The basement in the area is formed from Jurassic-Cretaceous sedimentary rocks and Tertiary volcanic rocks. Activity is controlled by tectonic extension 70 km west of the Andes and has sent lava flows which reach the Rio Salado. The Infiernillo is part of a transitory region of the Southern Volcanic Zone between the northern and central segment thereof.

There are three vents named Hoyo Colorado, La Hoyada and Loma Negra. The first vent erupted 6890 ± 40 BCE as found by radiocarbon dating, while ages of 69,000 ± 50,000 and 34,000 ± 70,000 have been obtained on the other two centres, respectively. The oldest age in the field is 0.83 ± 0.11 mya; other dates found are less than 100,000-200,000 years old. These other volcanoes are located around Niña Encantada lake and include Mesillas and Lagunita.

Hoyada volcano is a crater with a diameter of 450 m. It is surrounded by tephra falls and forms a 2.5 km long lava flow which after 1.5 km splits into two branches. The presence of levees in the flow indicates that the flow rate diminished during the eruption. Lagunitas volcano conversely is a 150 m high stratovolcano-like cone that generated a blocky lava flow 2.2 km long. This lava flow also dammed an ephemeral stream, creating a lake. The Loma Negra cone is older than the Lagunitas one considering that the Lagunitas lava flow is deflected by the Loma Negra cone and lava. The Loma Negra cone formed a lava flow 1.7 km long. A phreatic explosion at its margins formed the Nina Encantada lake. Hoyo Colorado is a cone which generated a complex lava field damming the Salado river. Hoyo Colorado has erupted approximately twice as much rock as the other three centres.

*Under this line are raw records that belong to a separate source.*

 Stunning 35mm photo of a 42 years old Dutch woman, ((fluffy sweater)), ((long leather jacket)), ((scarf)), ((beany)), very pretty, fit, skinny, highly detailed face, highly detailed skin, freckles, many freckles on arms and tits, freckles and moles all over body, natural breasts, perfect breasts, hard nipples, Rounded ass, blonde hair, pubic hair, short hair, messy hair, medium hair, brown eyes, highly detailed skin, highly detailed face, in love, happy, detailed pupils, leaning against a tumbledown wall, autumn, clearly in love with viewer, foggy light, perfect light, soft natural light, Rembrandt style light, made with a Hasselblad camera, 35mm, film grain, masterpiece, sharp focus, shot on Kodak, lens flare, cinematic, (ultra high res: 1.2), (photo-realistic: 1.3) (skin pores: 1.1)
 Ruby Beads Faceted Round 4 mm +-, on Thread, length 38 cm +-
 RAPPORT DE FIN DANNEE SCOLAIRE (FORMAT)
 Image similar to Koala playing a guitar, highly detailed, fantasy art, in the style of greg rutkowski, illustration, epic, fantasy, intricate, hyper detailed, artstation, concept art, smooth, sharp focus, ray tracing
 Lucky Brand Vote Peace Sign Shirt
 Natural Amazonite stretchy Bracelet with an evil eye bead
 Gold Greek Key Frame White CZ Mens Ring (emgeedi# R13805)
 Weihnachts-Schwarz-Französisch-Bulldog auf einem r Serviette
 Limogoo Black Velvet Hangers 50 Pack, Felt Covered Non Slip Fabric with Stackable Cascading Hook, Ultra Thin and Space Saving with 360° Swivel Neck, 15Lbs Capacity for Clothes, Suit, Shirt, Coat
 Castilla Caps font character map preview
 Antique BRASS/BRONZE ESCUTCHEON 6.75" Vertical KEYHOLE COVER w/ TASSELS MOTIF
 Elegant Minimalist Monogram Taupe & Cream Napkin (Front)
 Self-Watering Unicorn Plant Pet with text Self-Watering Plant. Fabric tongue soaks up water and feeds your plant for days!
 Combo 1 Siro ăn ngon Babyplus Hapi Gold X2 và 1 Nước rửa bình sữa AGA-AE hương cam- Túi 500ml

The first three cones all erupted basaltic andesite containing hornblende and matrix olivine and plagioclase. Hoyo Colorado is much more olivine-rich and contains amphibole. Major element analyses indicate similarity to the Planchon-Peteroa volcanic centre at the same latitude. The rare-earth element contents are transitional between Planchon-Peteroa and Patagonia alkali basalt signatures.